Category Archives: Hobbies

Backpacking Trip

This past weekend Sunny and I used our driveway as a trailhead. We loaded up our backpacks at the kitchen table and walked to Fay Bainbridge Park (about 3.2 miles away). Once we arrived in the park, we camped overnight, packed up camp and returned home. We called it a “test trip.” We had built up two backpacks with a lot of new things. I had been collecting a pack, a moderately light tent, a small and light sleeping bag and some lightweight cookware. It was also a test for Sunny, who hadn’t camped in a couple of years and had never backpacked, to see if she would like backpacking.

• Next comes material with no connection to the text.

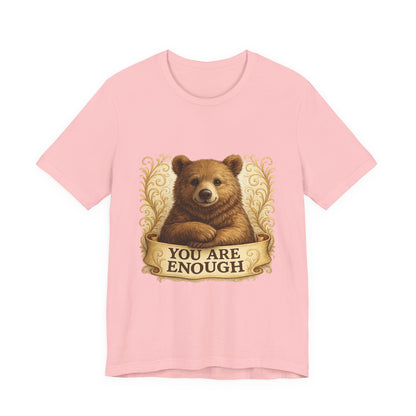 You Are Enough Bear Motivational T-Shirt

I found it difficult to pack gear for Sunny. On the one hand, I didn’t want to go out and buy a bunch of top-of-the-line backpacking equipment for her, only to find that she didn’t like it and never use the equipment again. On the other hand, I didn’t want her to hate backpacking because she had a heavy pack with substandard gear. I packed the gear so that she had a lighter load, about 15 lbs (compared to mine at 31 lbs).

I brought my APRS tracker to test it out for walking pace. I’d run it a few times in the truck on a magnetic mobile antenna (which is why I use the car icon on the APRS map), but hadn’t yet run it in my pack with the little rubber antenna that came with it. Also, while the beaconing pace that I’d set was insufficient for a car, I felt that it might be the right pace for walking. I didn’t need a tracker for this trip but felt it might be necessary if Sunny didn’t like backpacking and I decided to hike alone on more harsh terrain.

Building a fire was a challenge. It was like the wind was only blowing while we were trying to get the fire going. We had this fuel cube that you dice into powder and then set aflame. Sunny was able to do this with the flint and steel set that was in our packs. The problem was, the wood supplied at the campground was only tinder and fuel. Without kindling (which you aren’t supposed to collect in the park), this cube didn’t burn fast enough to burn the wood. I used three cubes of fuel. After we got the fire burning, the wind died down. The weather was enjoyable, although the wind blew heavily later. We didn’t let the fire go out until bedtime, with some wood that Kelley brought by from the house (Ok, yeah, that was cheating).

We tuned into the 9 o’clock net. Sunny was going to work the radio. At the last second, she asked me to check-in instead. The net lasted for over an hour. Sunny went to bed while I tended the fire and listened to the net.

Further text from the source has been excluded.